# About this task
In the entries below, find the line with "New Kikkerland Portable" and the line with "Formula 1 F1 2017 PS5 Mídia Digital". Reproduce those two lines and every line between them exactly, and nothing more.

# Provided entries
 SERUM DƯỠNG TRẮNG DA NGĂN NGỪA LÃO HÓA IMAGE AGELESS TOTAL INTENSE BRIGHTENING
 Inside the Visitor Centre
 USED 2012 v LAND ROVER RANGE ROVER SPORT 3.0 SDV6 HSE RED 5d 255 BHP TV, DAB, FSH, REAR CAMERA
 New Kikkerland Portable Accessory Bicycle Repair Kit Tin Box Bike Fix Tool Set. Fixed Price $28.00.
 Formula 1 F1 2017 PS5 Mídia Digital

* * *

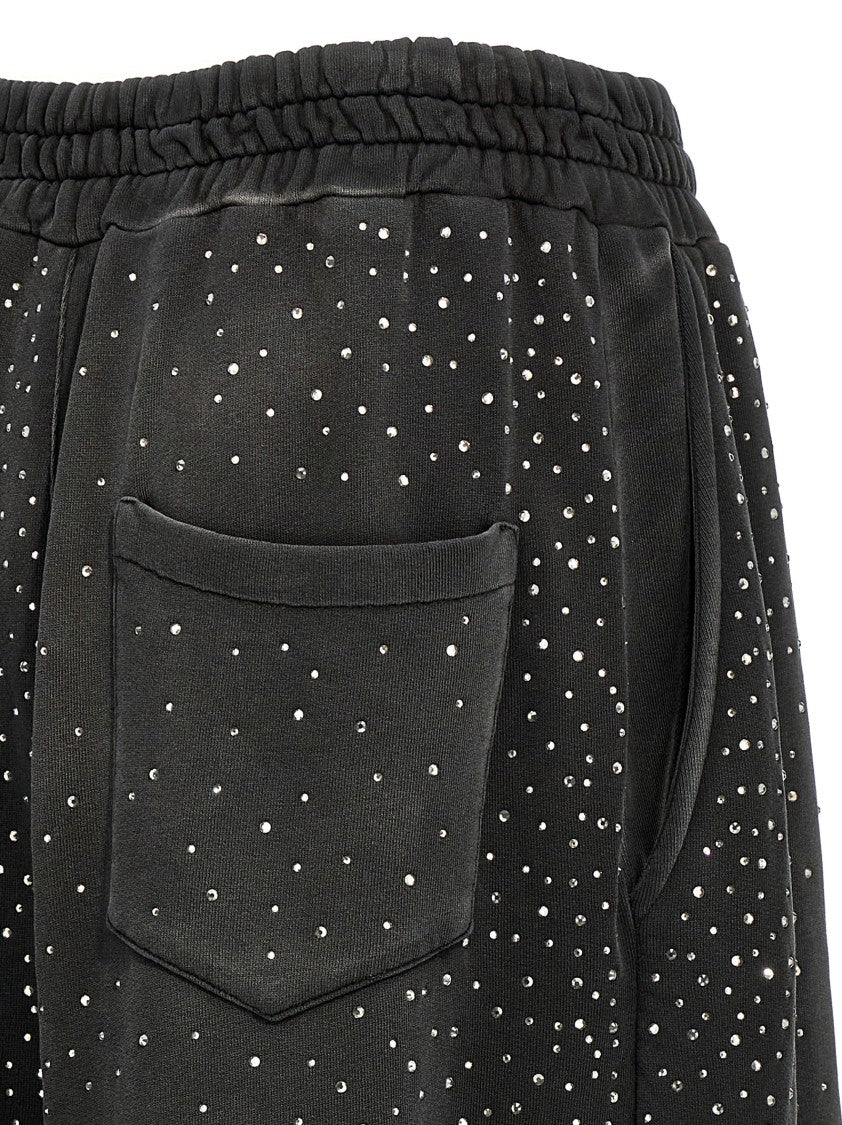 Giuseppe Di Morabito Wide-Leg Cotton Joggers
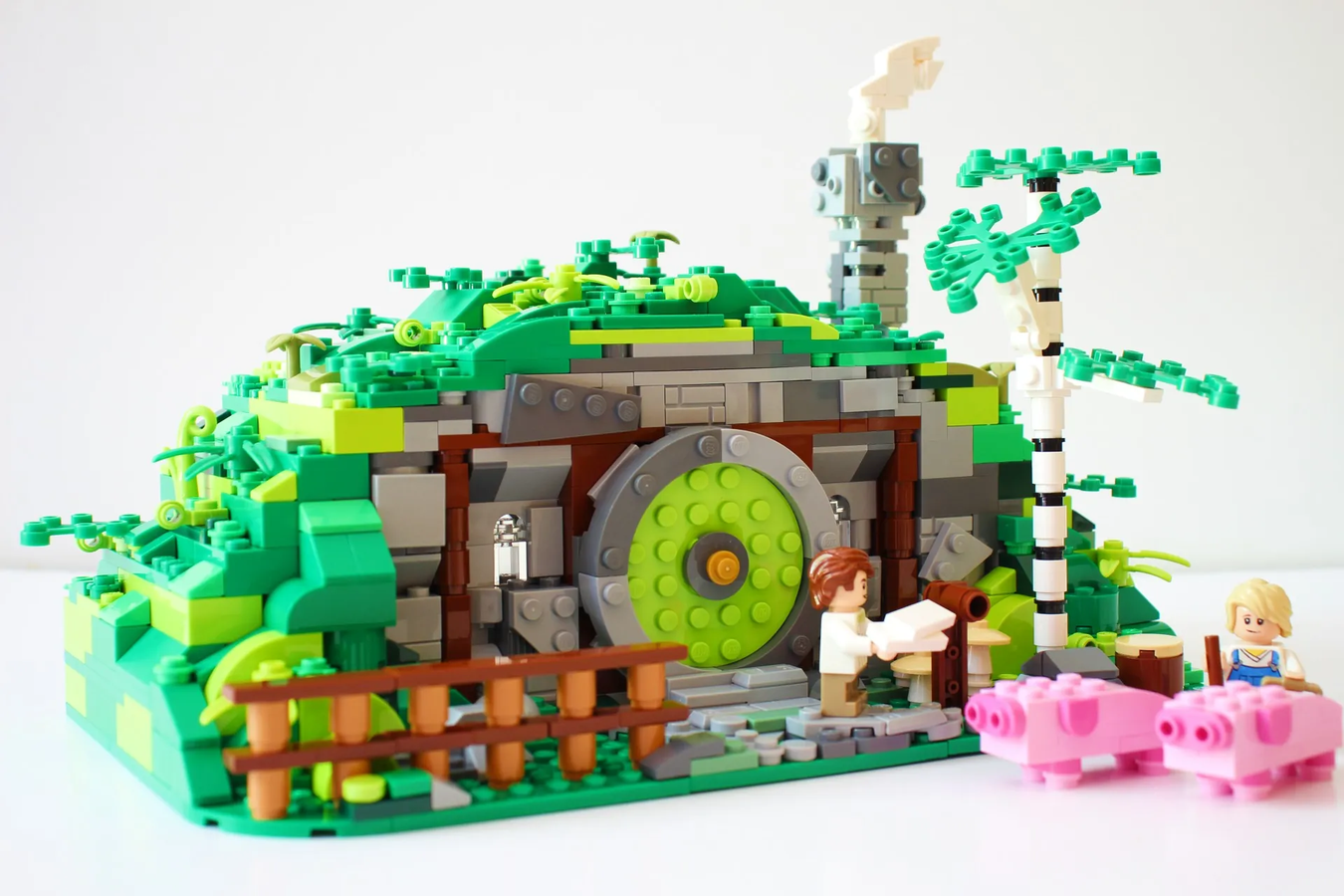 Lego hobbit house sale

* * *

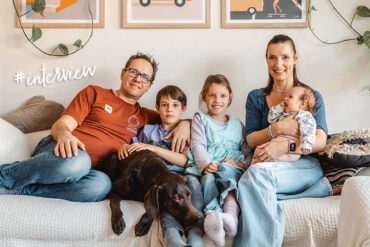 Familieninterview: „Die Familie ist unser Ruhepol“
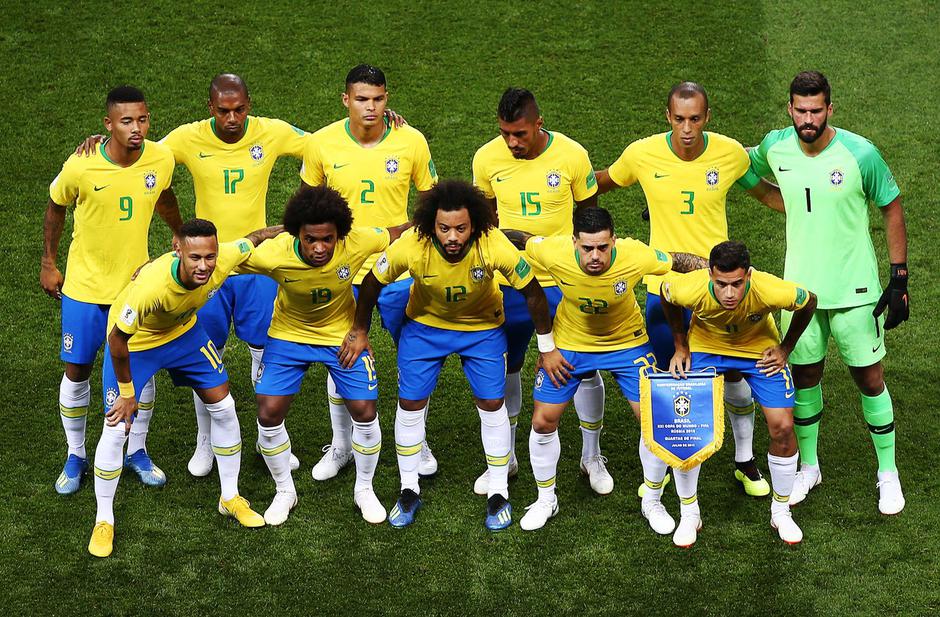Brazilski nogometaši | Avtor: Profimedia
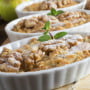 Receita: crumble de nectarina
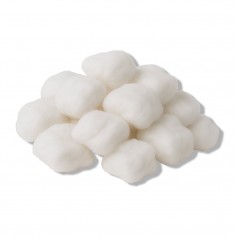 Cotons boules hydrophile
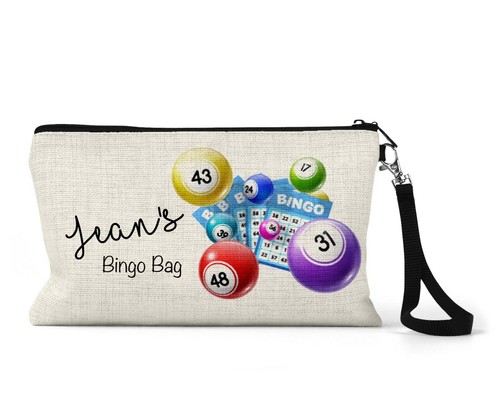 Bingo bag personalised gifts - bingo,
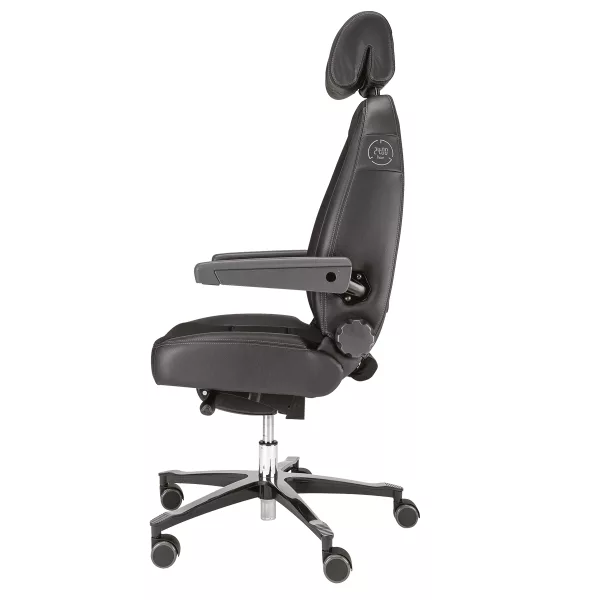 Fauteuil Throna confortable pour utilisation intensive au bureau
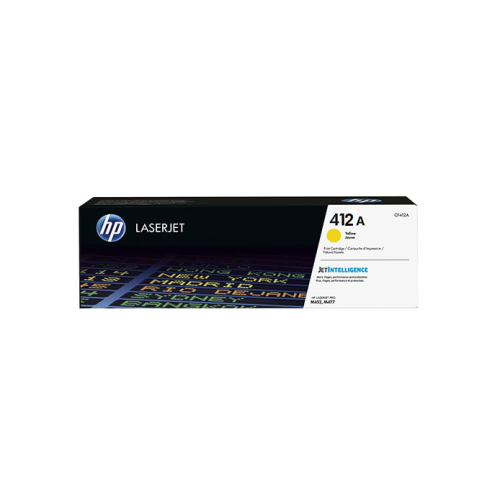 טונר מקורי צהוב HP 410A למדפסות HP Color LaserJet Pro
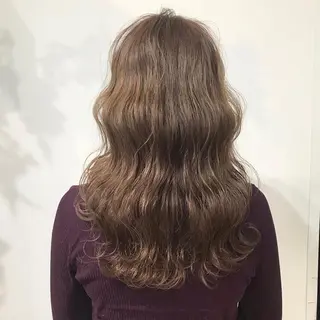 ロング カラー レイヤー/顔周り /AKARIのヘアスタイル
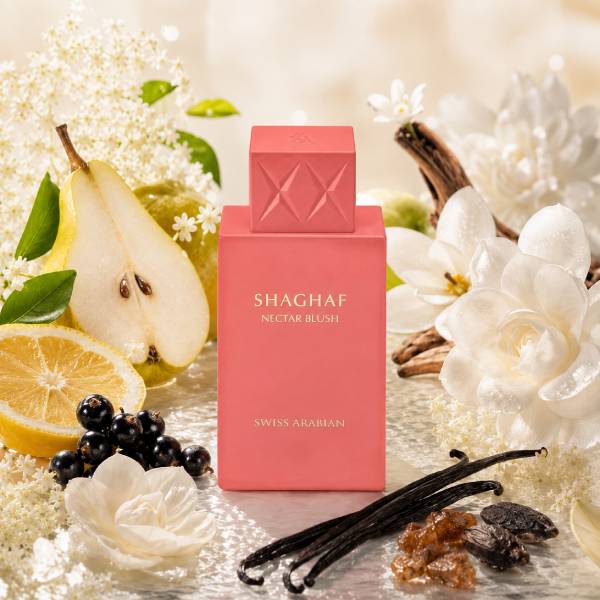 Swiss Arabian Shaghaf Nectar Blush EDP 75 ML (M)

# Solution to the exercise
 New Kikkerland Portable Accessory Bicycle Repair Kit Tin Box Bike Fix Tool Set. Fixed Price $28.00.
 Formula 1 F1 2017 PS5 Mídia Digital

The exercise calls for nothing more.